Awesome
gpuocelot
NOTE: this fork is not actively maintained anymore.
About
This is a fork of the gpuocelot code to make it work on a modern system, in combination with the CUDA library for Julia.
As far as the functionality and tests in CUDA.jl go, this is a drop-in replacement for the official CUDA driver.
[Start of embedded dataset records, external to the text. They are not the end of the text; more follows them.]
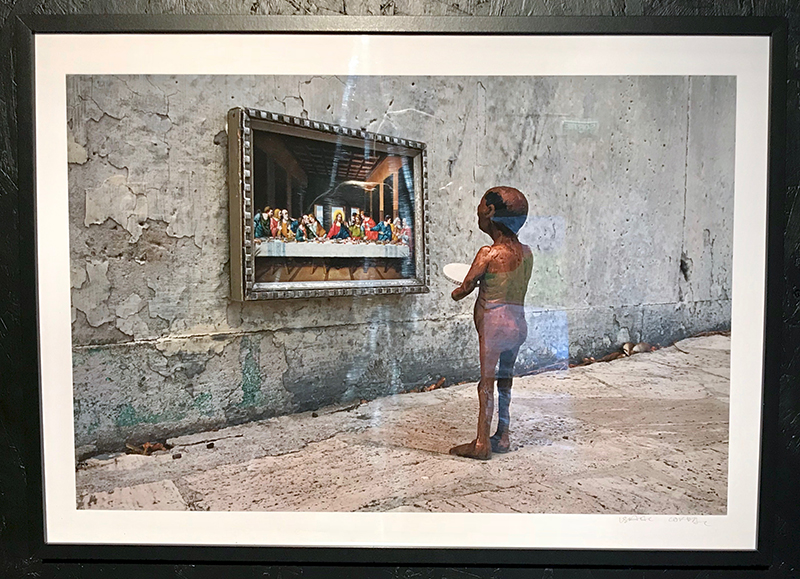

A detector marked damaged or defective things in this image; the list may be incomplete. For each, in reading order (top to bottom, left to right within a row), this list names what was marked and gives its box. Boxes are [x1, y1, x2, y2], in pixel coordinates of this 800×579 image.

cracked plaster wall [65, 72, 736, 456]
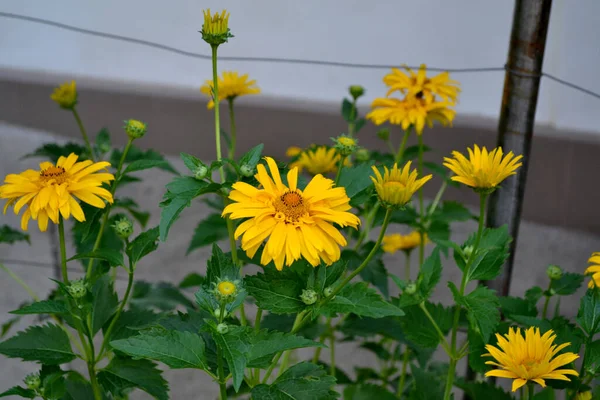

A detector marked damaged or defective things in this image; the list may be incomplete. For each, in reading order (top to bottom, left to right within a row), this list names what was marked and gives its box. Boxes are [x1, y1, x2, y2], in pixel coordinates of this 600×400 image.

rusty metal pole [482, 0, 552, 294]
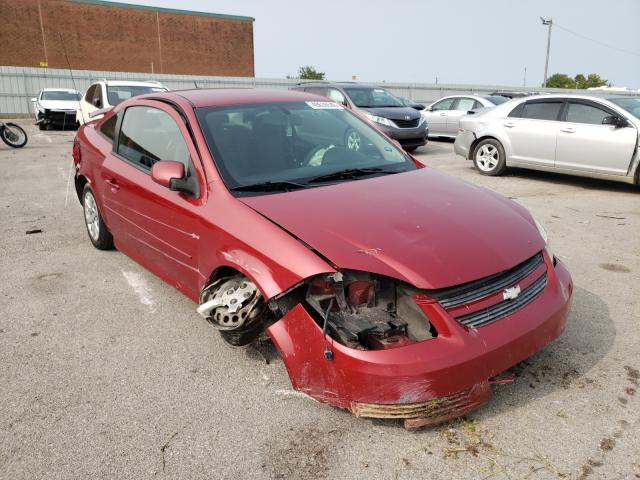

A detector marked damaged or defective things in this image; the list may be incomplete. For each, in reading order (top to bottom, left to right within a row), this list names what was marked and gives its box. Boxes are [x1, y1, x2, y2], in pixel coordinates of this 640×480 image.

exposed wheel well [470, 135, 504, 159]
damaged red coupe [72, 88, 572, 430]
crumpled front bumper [268, 256, 572, 426]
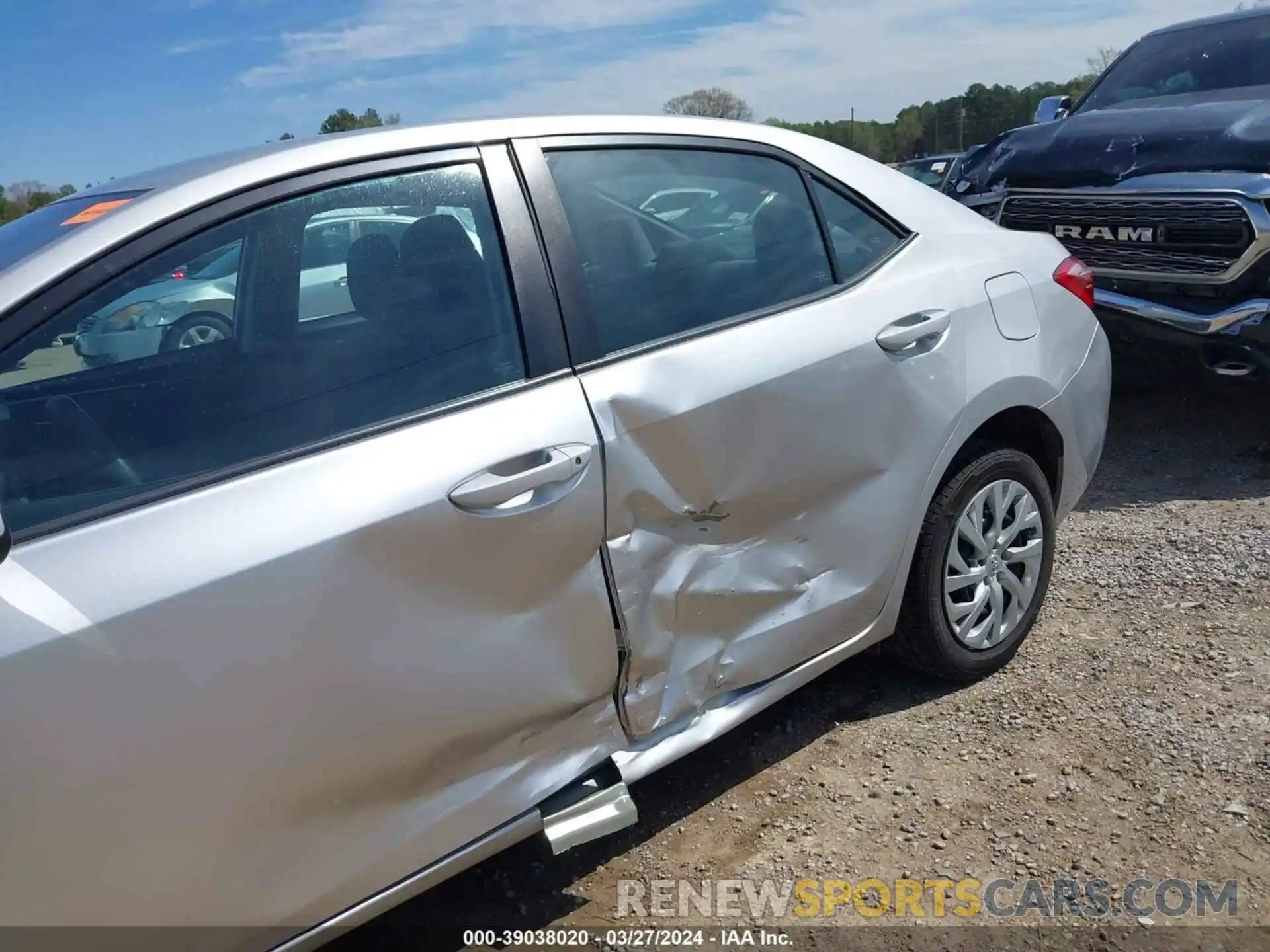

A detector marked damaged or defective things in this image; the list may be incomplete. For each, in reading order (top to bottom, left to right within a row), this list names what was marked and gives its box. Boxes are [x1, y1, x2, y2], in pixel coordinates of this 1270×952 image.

damaged rear door [515, 138, 970, 741]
Short overview of changes compared to upstream:
- Fix compilation on a modern system (
yyparse
hack) - Support for Clang
- Add/extend/fix certain API calls (
cuLaunchKernel
,cuCtxDestroy
,cuLaunch
,cuDeviceGetName
) - Small bugfixes
Not that this fork happened before gpuocelot was available on GitHub, so there might be some differences between both code bases.
Requirements
- Scons
- CUDA toolkit <= 5.0 (you only need the toolkit, not the actual driver)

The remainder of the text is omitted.